In Mitoko’s book, she talks about the cherry trees that bloom each spring at the Japanese Friendship Garden in Balboa Park, San Diego, and how she donated money to help make them possible. She mentions with strong emotion how these cherry trees are symbols of the lasting friendship between the Japanese and American people, and especially of the bond that she has with the crew of the USS Walke.
A Chance Meeting
Now fast-forward to 12 June 2011, 60 years to the day after that fateful event off the coast of Korea. John Henderson and Guy Willis, two former crewmembers of the USS Walke arrived at the Japanese Friendship Garden in San Diego to see “Mitoko’s Cherry Trees” and pay their respects to Captain Marshall Thompson, whose name is listed on a marble plaque within the garden. By chance, they bumped into volunteer docent, Mark Halverson. Mark had never heard of the Mitoko story, but promised to research the historical background of the Japanese Friendship Garden, Marshall Thompson, Mitoko, and the cherry trees.

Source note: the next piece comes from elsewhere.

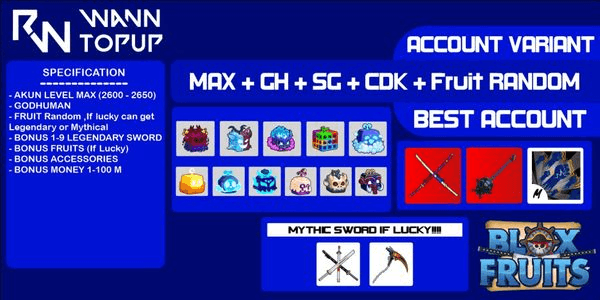 Gambar Product Akun Blox Fruit LEVEL MAX [GODHUMAN + SKULL GUITAR + Cursed Dual Katana + Random Fruit]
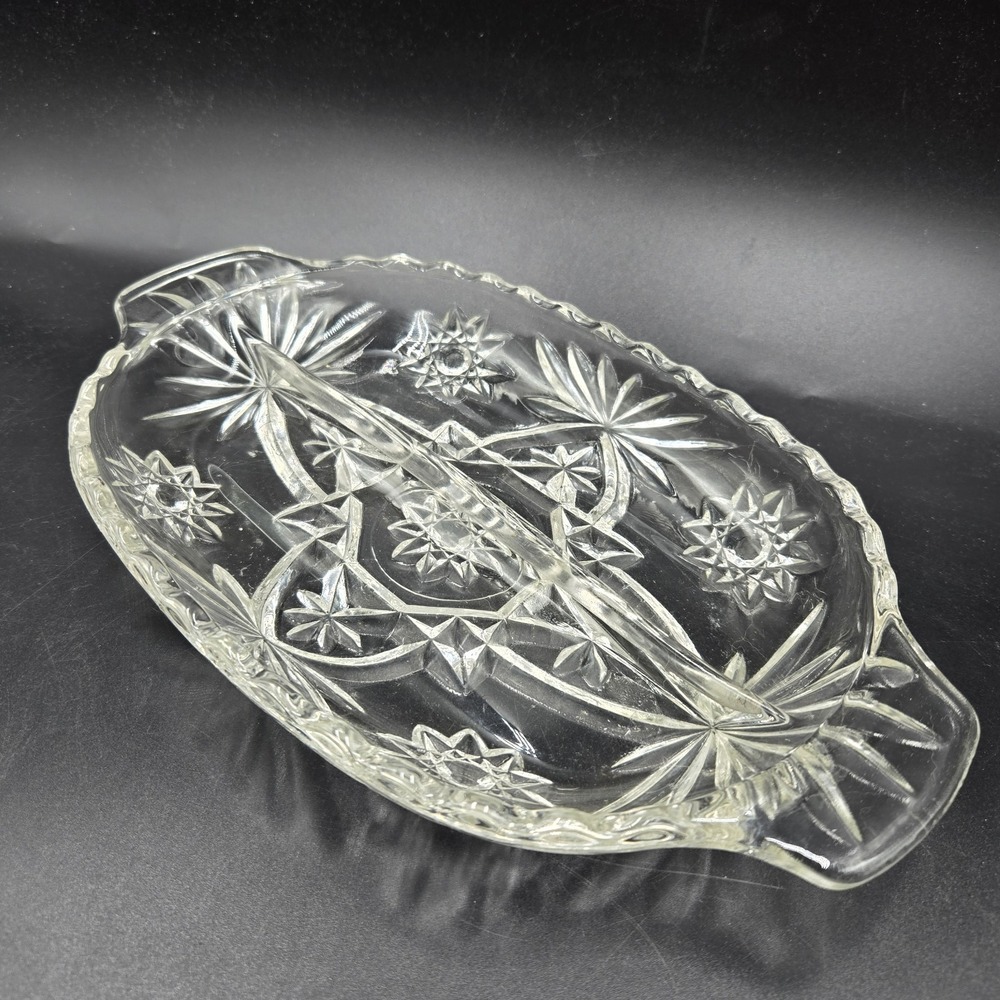 Vtg Anchor Hocking Star of David Clear Glass Divided Relish Dish Tab Handle Eapc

Considerable digging and assistance from the Japanese Friendship Garden staff were required. Guy Willis and Mark Halverson remained in contact and regularly exchanged information. Finally, after many months of research, we now know how it all came together.
How the Cherry Trees Came to Be
By the late 1990’s, the Japanese Friendship Garden in San Diego decided to incorporate cherry trees in the Garden. However, there were challenges. First, cherry trees won’t blossom reliably in San Diego’s coastal climate. Second, additional funding was needed to purchase hundreds of special cherry trees. The first challenge was solved after a great deal of effort by developing a double hybrid graft cherry tree that would blossom reliably in San Diego’s coastal climate.
The second challenge, raising the funds for 200 of these unique and very special cherry trees, proved to be just as difficult. Many people donated funds, most notably Moto Asakawa. Mitoko and Marshall Thompson’s widow also contributed to this effort.
Every year these special trees blossom, reminding everyone of that special relationship between the Japanese and American people, and in particular, of the story of the Japanese orphan girl and the crew of the USS Walke.